● **DATA**:

====

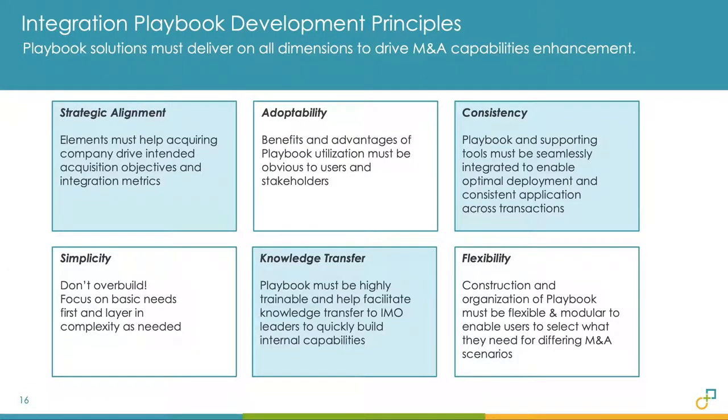Our development principles focus around six key areas. First, strategic alignment — the playbook has to tie to your base acquisition strategy. For example, if you're doing aqua-hire type acquisitions, a playbook suited for manufacturing and facility transactions where you're acquiring plants or distribution centers really doesn't help. It has to be aligned with the type of deals you're doing, and there may be multiple flavors.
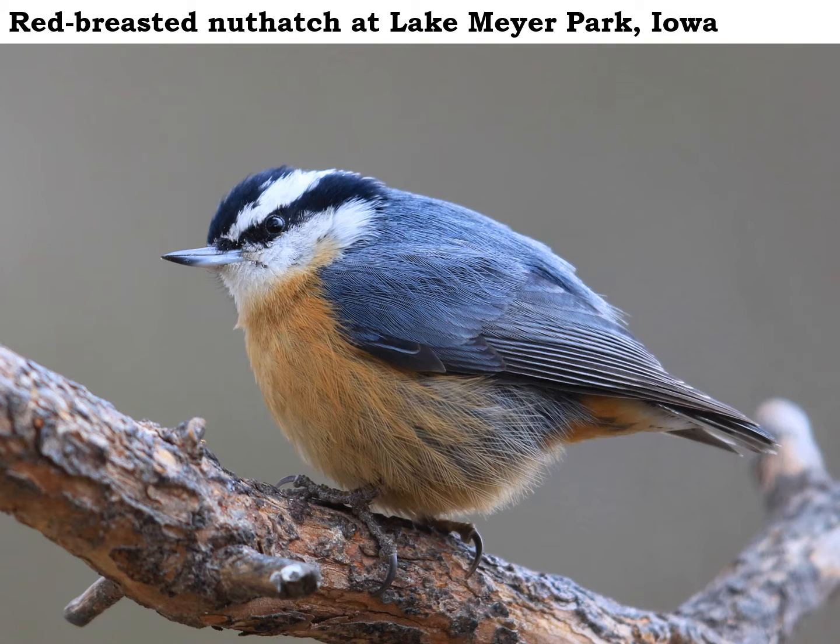This cute, fat little red-breasted nuthatch sure looks like it's finding plenty of food to eat so far this winter. Red-breasted nuthatches consume mostly insects during the summertime, things like caterpillars and spiders that they pick off the tree trunks, but now in the winter those bugs are gone and they switch to eating seeds.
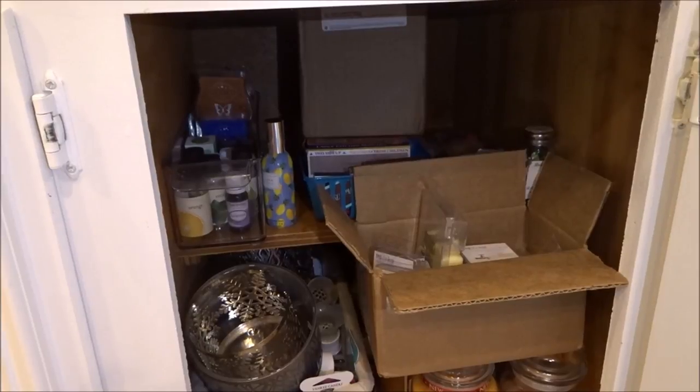Hey y'all, I'm Mandy and this is Mandy in the Making. I know this thing is messy, but this is where all of my candles are and today I'm going to share with you my wax and candle collection.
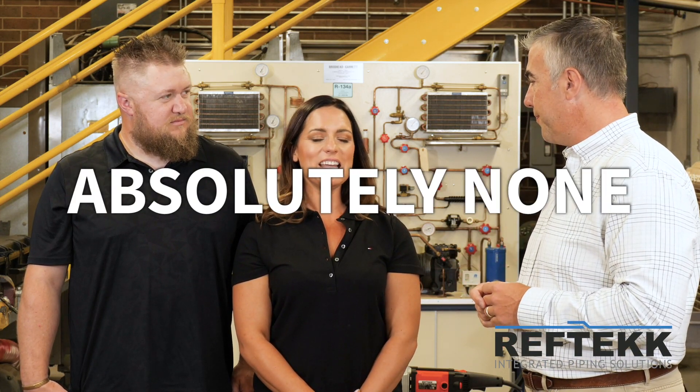Before we get started, Amanda, I know you're an actress, but do you have any type of experience that would ideally suit you for this type of work? Absolutely none.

====

● **EXERCISE GOAL**:
Word for word, return the material above, but drop the pictures.

● **THE COMPLETED TASK**:
Our development principles focus around six key areas. First, strategic alignment — the playbook has to tie to your base acquisition strategy. For example, if you're doing aqua-hire type acquisitions, a playbook suited for manufacturing and facility transactions where you're acquiring plants or distribution centers really doesn't help. It has to be aligned with the type of deals you're doing, and there may be multiple flavors.
This cute, fat little red-breasted nuthatch sure looks like it's finding plenty of food to eat so far this winter. Red-breasted nuthatches consume mostly insects during the summertime, things like caterpillars and spiders that they pick off the tree trunks, but now in the winter those bugs are gone and they switch to eating seeds.
Hey y'all, I'm Mandy and this is Mandy in the Making. I know this thing is messy, but this is where all of my candles are and today I'm going to share with you my wax and candle collection.
Before we get started, Amanda, I know you're an actress, but do you have any type of experience that would ideally suit you for this type of work? Absolutely none.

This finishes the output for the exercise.